Here are excerpts from her keynote address:
"About seven years ago I found myself at a very low point.... I'd all but decided to quit. Personally and professionally things were very tough and I felt like I wasn't moving forward. I had some serious thinking to do and some decisions to make....
I thought of the last couple years of my life and realized I'd spent the better part of my singing/songwriting career going through the motions ... but I realized one day in November of 1998 that I was afraid and that the only way to move forward was to stop being afraid, stop making decisions moment by moment, stop avoiding decisions that might have consequences that might mean some kind of movement or advancement and real leadership. I knew that the next place for me to go was beyond that fear and into the unknown, all for the future of my son....
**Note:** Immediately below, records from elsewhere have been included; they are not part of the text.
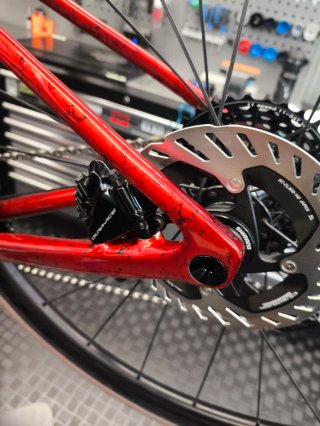 Bici carretera S-works Tarmac SL8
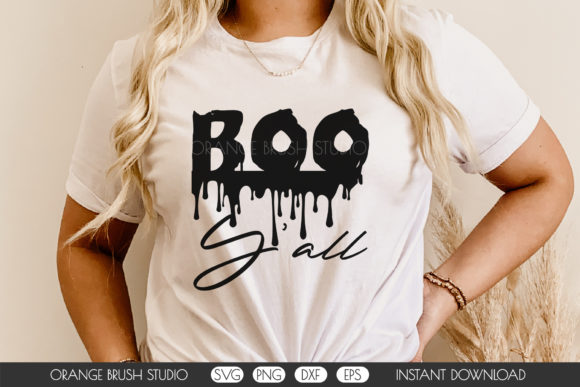 Halloween Boo SVG: A Designer's Take on 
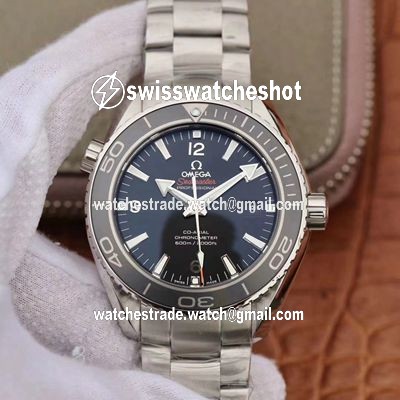 Omega Seamaster 232.30.42.21.01.001 Planet Ocean 600M VS Factory Black Dial Omega Seamaster 232.30.42.21.01.001 Planet Ocean 600M VS Factory Black Dial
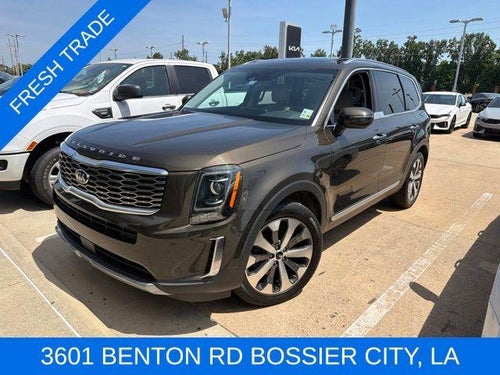2021 Kia Telluride S FWD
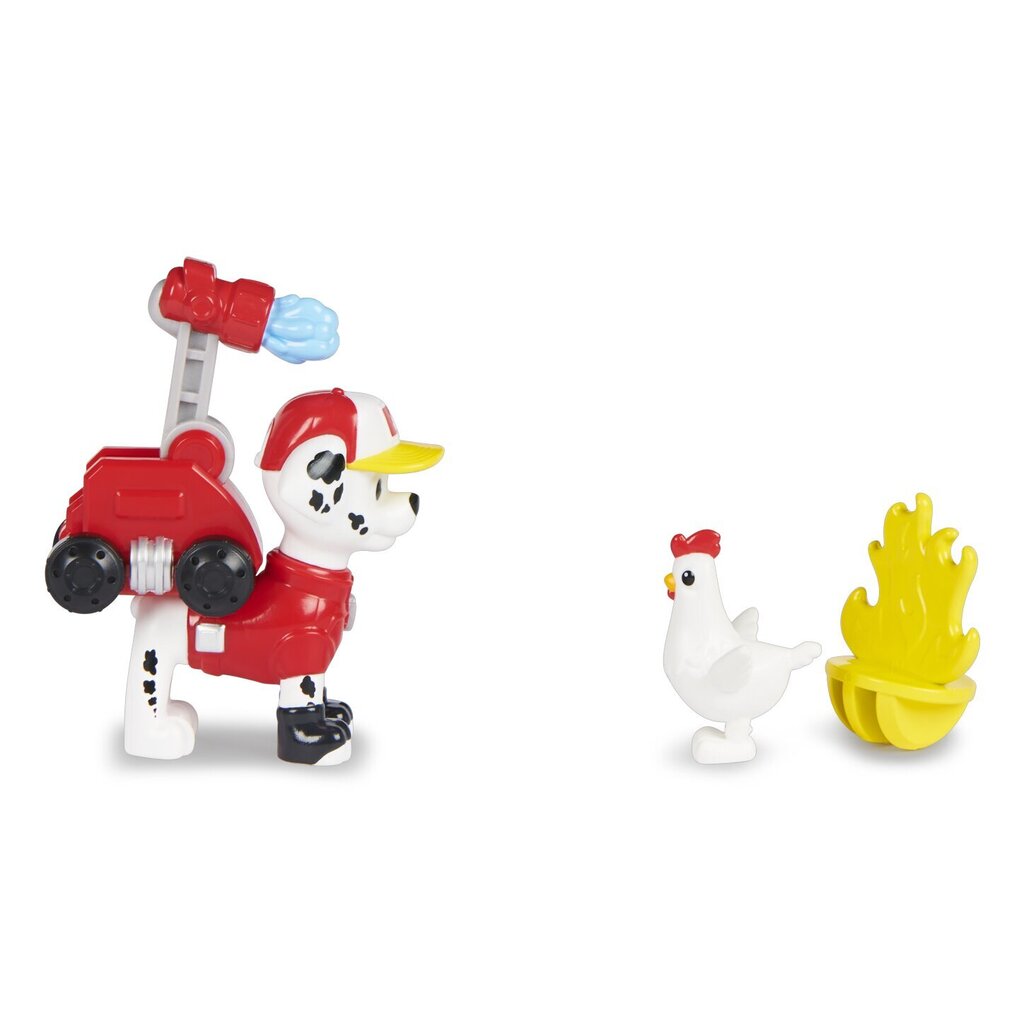 Kuju koos lisadega Big Trucks Hero Pups Käpapatrull (Paw Patrol) SpinMaster, 6064391 hind ja info | Mänguasjad poistele | hansapost.ee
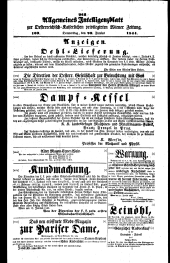 Wiener Zeitung 18440620 Seite: 15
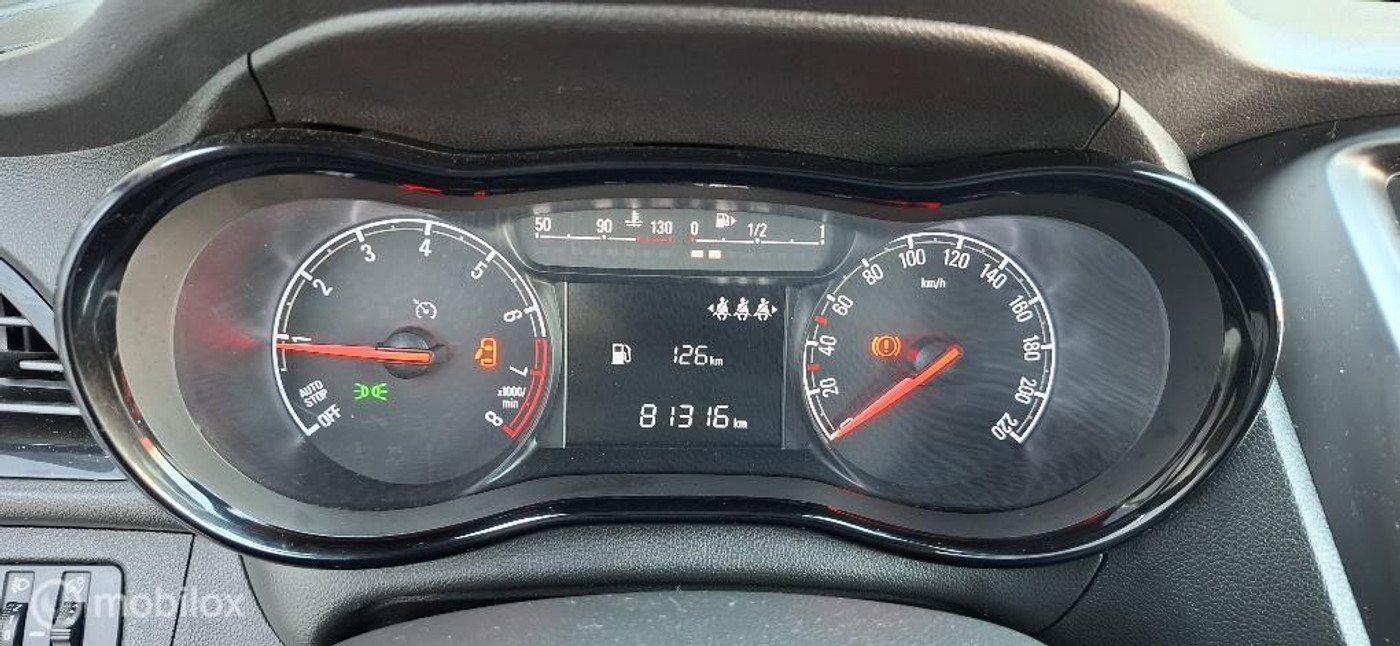 Foto van Opel Karl / Viva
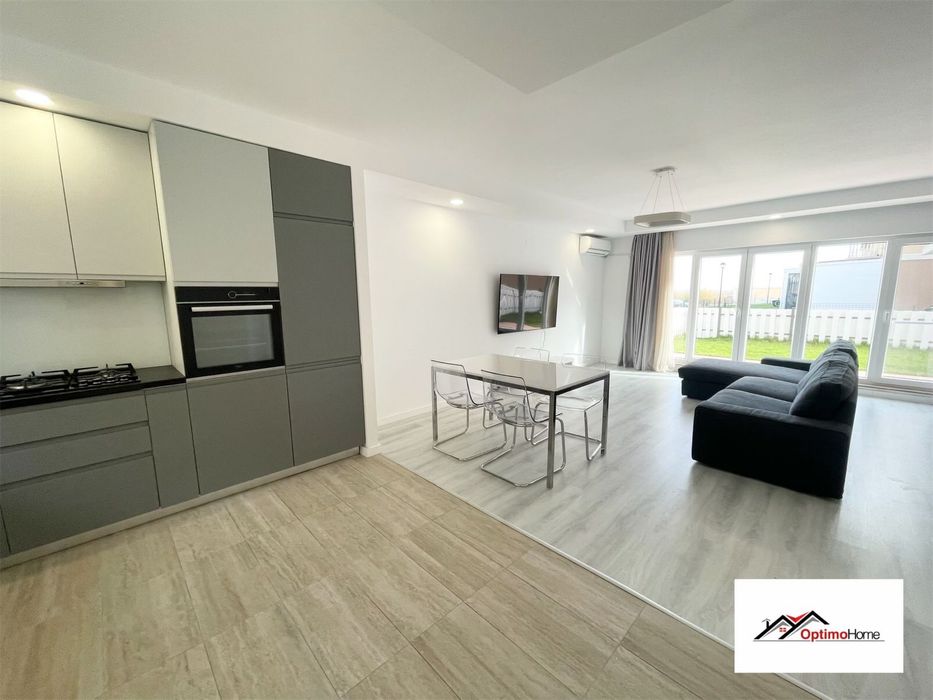 Vilă Cosmopolis | Lac | Zona nouă | 2 dormitoare | 3 băi | Modernă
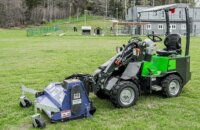 Minilaadur Stark SK150T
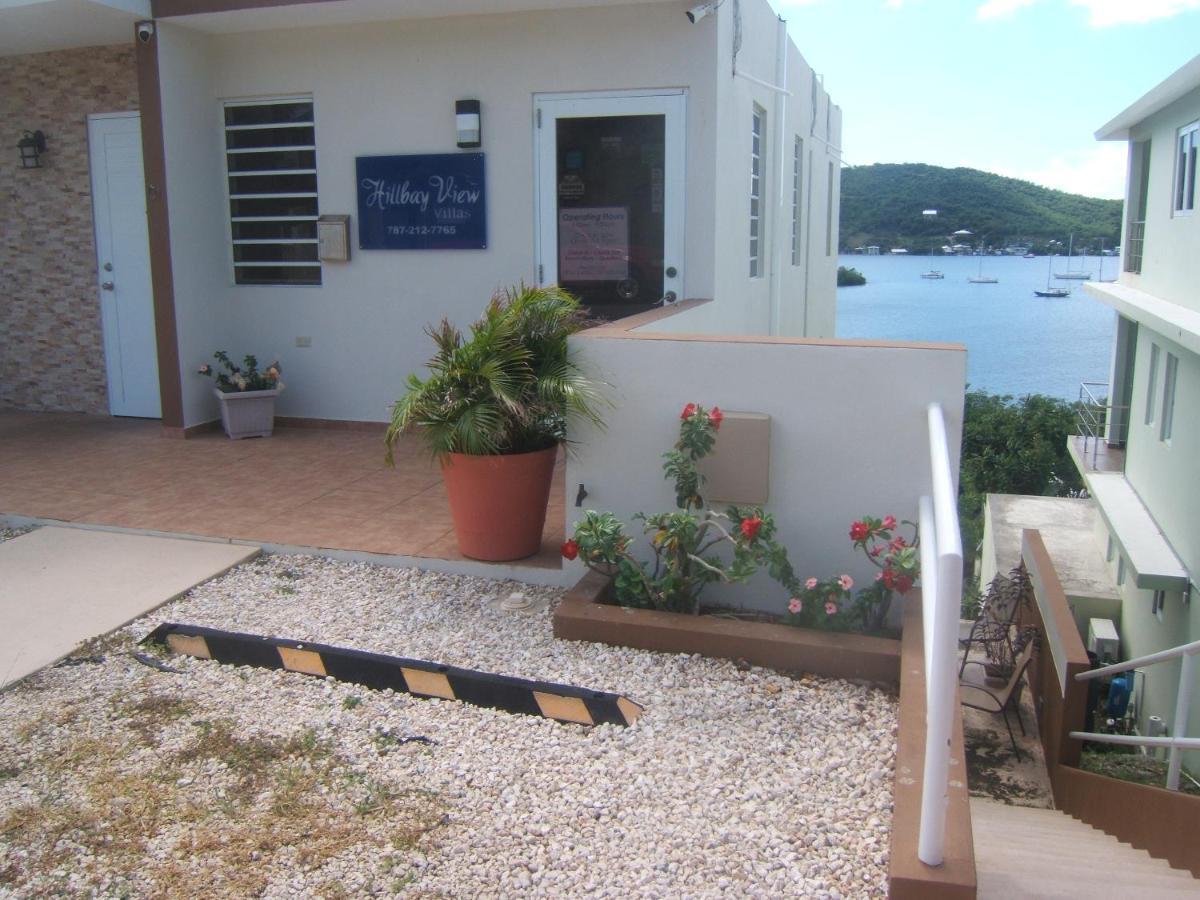 Hillbay View Villas Culebra Εξωτερικό φωτογραφία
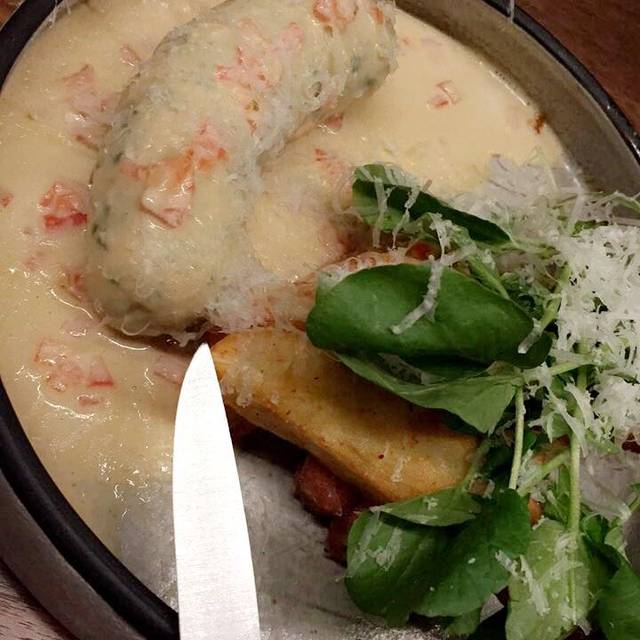 Tesse Restaurant - West Hollywood, CA | OpenTable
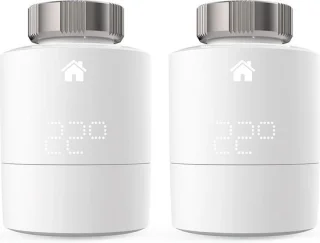 tado° Slimme Radiatorknop - 2 stuks uitbreiding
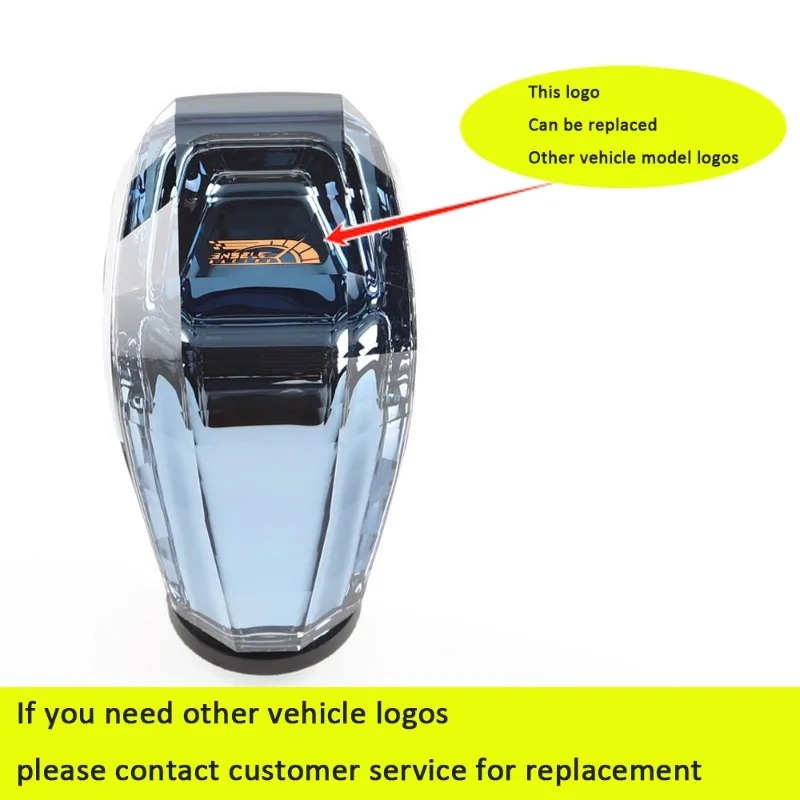 Neuer Auto-Schaltknaufkopf mit – Running Gear In A Car Bewertung und Preis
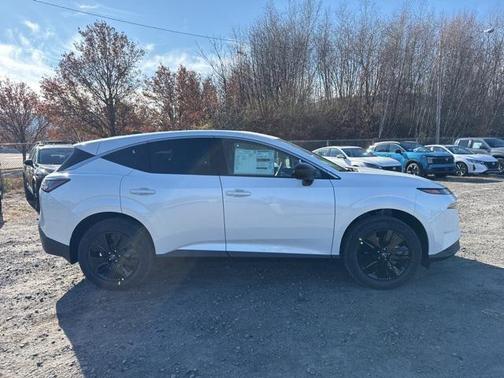 2026 Nissan Murano SV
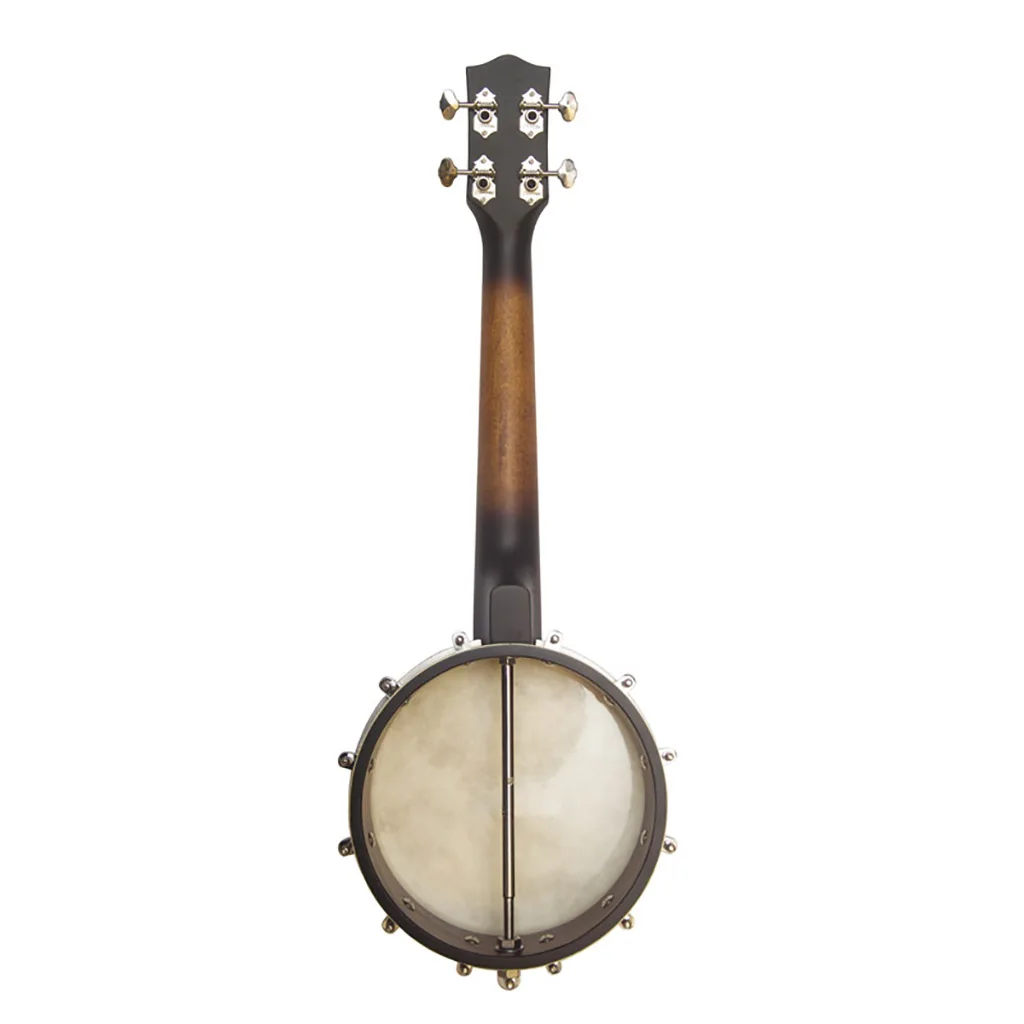 Портативный 23 ''4 String Banjolele Banjo укулеле+ сумка для хранения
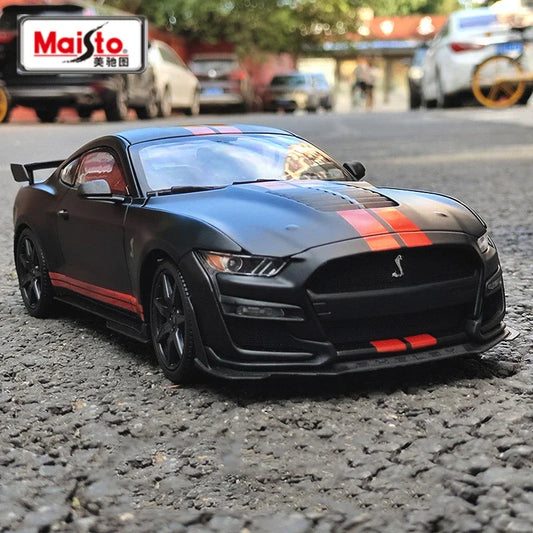 1:18 2020 Ford Mustang Shelby GT500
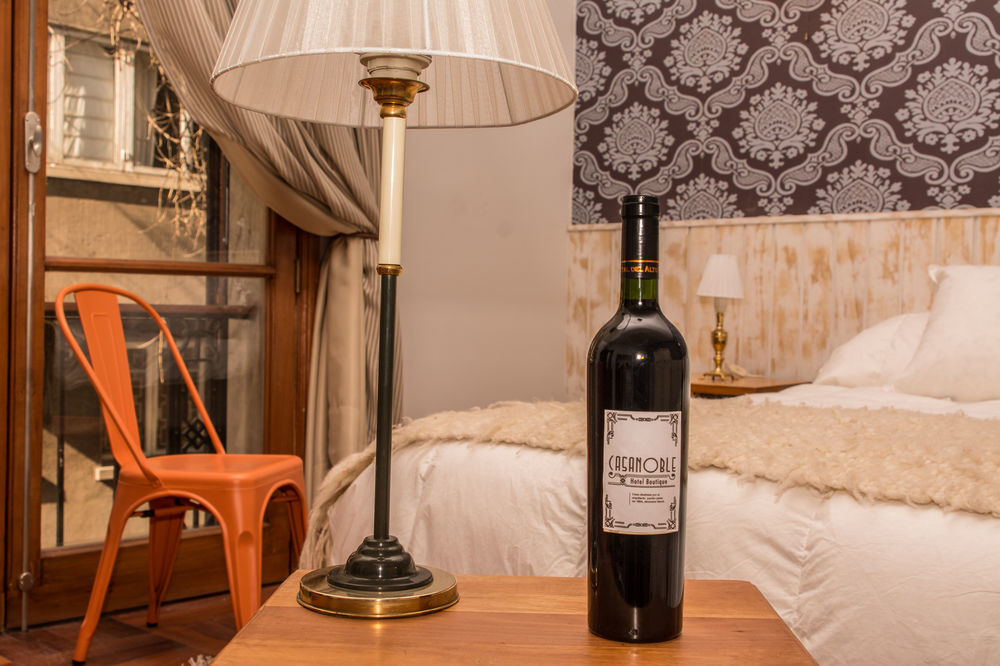 Boutique Casa Noble 4* Santiago de Chile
I still needed "a bridge," something between that small-town Inuk mind and the big city national celebrity, I needed a transition. I had no clue how to go about getting this so I started with the thing that held me up, fear. I read a book called The Gift of Fear which answered some questions, but I quickly realized that as much as this reading was helping I had to just simply decide and move forward. The next question was "who am I?" I began searching for information on Inuit, our past, our history but couldn't find anything that answered the questions I had....
Change was inevitable; it was going to happen. The trouble with how things changed for us was there was no transition. We went from a rooted culture, living with all its challenges and struggles ... to fighting for all of it, culture and living. There was no opportunity to defend our land; our traditional way was just taken over, leaving us to trudge along, our sense of who we are dangling....
I can't begin to imagine what my grandfather had to deal with. Brought up a hunter, he had a purpose when he was born. Things were changing as he was growing up, but still very little "outside" knowledge was forthcoming and so the obvious happened: this place of loss and confusion manifested itself in many horrible forms....
We (the Inuit) have such a young history that we are in a position to turn it around, to give our children and youth a fighting chance.
So how do we do this?
First of all, let's take some lessons from the past. Let's not make all that the previous generations have had to endure "for nothing." They carried and do carry an awful lot for us: our great-great-grandmothers' sacrifice, our great-grandmothers' will and determination, our grandfathers' strong shoulders, our parents' patience and foresight. We've all that legacy to draw from. Draw from it.
Second, listen with your ears and with your hearts. Listen with the knowledge and wisdom of our elders, but also through the ears of our children and youth.
Third, make attainable goals, goals appropriate to the emotional state of the area you are speaking and/or working for. Don't make one fix it all solution. There are many issues and problems and consequently many layers and so there are going to need to be many levels or phases to the recovery."
- Susan Aglukark is a motivational speaker and popular Inuk singer/songwriter.